O Ano Novo nos abre as portas para uma vastidão de possibilidades, sonhos, desejos.... No início de cada ano civil nos é oferecida uma nova oportunidade, uma possibilidade aberta para investir o melhor de nós mesmos nos 365 dias que temos pela frente; assim, deveríamos viver o começo de cada ano, que se oferece a todos como novidade, oportunidade, novo começo...
Caminhar é preciso. O seu caminho tem coração?
O Ano Novo mora dentro de você.
Textos bíblicos: Lc 2,16-21
Na oração: Orar é entrar na Tenda do Senhor, que é o próprio coração: peregrinação interior, mobilidade...
- Deus “passa” e nos coloca em movimento; a oração é “fazer estrada com Deus”, caminhar na mesma direção, entrar no ritmo d’Ele, deixando-nos “ser conduzidos”.
- Para onde você sente que Deus vai lhe conduzindo? Há alguma coisa que o aprisiona?
- Recordar medos, entraves, obstáculos... que limitam sua vida interior, impedindo-o(a) fazer-se peregrino(a)

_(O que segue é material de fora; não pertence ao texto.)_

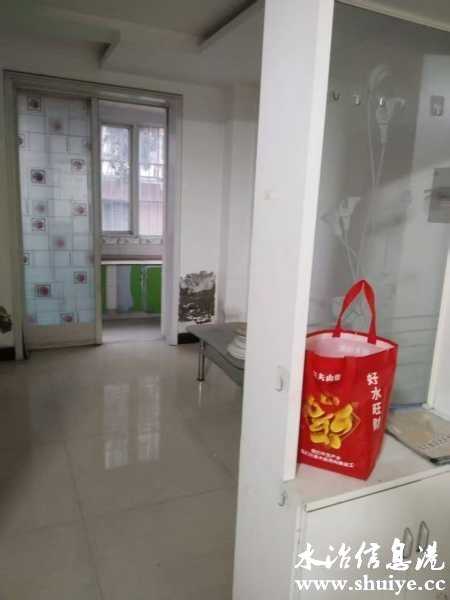 wechat_upload17470462666821cf7a9c859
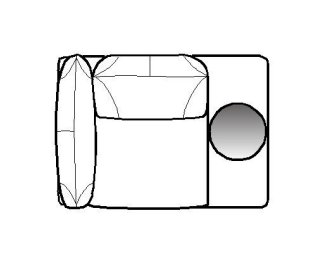 F2644-CH1-01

- Quê eventos inesperados no caminho transformaram sua vida? O que realmente causou impacto? Era algo planejado? Em que aspectos da vida você pode “sair” dos terrenos conhecidos? Você já se arriscou alguma vez?
- Neste Novo Ano que se inicia, você vislumbra caminhos inspiradores? Quê esperanças você alimenta no seu coração? Nele há lugar para a surpresa, para o inédito?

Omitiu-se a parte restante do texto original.